WORK ORDER
Of the lines listed below, return exactly those that run from the line containing "Holiday Inn Express" through the line containing "Niat Puasa Ramadhan: Latin", both included.

GIVEN DATA
[Start of Attachment]
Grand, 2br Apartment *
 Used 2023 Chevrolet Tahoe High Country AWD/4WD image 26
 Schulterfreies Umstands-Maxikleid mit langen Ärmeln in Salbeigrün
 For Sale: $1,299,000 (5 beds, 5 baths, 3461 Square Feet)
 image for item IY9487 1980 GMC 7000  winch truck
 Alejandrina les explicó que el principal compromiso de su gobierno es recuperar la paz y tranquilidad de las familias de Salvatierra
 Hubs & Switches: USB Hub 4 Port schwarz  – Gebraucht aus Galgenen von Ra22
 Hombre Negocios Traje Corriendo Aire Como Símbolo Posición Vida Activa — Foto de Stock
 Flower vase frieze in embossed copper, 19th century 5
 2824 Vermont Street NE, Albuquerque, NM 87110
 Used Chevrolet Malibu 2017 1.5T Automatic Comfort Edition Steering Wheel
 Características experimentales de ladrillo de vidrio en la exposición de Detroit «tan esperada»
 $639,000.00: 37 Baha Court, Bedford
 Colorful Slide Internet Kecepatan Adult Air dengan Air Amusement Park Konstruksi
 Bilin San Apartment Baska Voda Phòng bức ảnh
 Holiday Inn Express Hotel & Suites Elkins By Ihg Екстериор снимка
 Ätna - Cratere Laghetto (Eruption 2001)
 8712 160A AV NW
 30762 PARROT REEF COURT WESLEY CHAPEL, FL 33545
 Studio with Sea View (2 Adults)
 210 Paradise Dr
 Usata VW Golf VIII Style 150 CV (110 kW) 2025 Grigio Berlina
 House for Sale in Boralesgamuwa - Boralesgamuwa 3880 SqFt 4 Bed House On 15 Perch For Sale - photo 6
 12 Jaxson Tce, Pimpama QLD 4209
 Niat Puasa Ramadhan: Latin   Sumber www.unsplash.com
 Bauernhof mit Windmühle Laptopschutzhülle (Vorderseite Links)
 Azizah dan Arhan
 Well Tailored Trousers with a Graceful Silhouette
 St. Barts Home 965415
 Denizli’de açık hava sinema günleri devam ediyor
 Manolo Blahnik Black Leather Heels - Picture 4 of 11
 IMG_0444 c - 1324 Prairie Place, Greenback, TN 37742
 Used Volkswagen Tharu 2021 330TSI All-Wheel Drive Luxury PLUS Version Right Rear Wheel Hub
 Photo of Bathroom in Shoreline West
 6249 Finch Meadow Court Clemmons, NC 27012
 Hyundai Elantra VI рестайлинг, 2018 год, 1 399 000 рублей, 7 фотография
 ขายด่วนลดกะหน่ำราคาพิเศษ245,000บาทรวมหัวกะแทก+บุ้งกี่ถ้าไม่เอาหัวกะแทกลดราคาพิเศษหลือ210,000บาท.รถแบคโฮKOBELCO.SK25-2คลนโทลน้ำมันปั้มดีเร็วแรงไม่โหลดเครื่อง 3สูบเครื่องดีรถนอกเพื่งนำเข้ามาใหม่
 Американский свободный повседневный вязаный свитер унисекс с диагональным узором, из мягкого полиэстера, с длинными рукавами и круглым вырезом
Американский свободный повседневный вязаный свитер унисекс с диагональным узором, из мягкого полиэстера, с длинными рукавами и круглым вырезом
[End of Attachment]
RESULT OF THIS EXERCISE
 Holiday Inn Express Hotel & Suites Elkins By Ihg Екстериор снимка
 Ätna - Cratere Laghetto (Eruption 2001)
 8712 160A AV NW
 30762 PARROT REEF COURT WESLEY CHAPEL, FL 33545
 Studio with Sea View (2 Adults)
 210 Paradise Dr
 Usata VW Golf VIII Style 150 CV (110 kW) 2025 Grigio Berlina
 House for Sale in Boralesgamuwa - Boralesgamuwa 3880 SqFt 4 Bed House On 15 Perch For Sale - photo 6
 12 Jaxson Tce, Pimpama QLD 4209
 Niat Puasa Ramadhan: Latin   Sumber www.unsplash.com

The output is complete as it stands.